» TASK DETAILS:
Would you repeat the whole listing exactly?

» SOURCE DATA:

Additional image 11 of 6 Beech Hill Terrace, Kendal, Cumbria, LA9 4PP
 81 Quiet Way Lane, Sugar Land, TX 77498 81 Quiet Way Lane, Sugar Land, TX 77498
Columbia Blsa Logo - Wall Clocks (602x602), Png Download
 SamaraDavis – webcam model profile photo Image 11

» SOLUTION TO THIS EXERCISE:
Additional image 11 of 6 Beech Hill Terrace, Kendal, Cumbria, LA9 4PP
 81 Quiet Way Lane, Sugar Land, TX 77498 81 Quiet Way Lane, Sugar Land, TX 77498
Columbia Blsa Logo - Wall Clocks (602x602), Png Download
 SamaraDavis – webcam model profile photo Image 11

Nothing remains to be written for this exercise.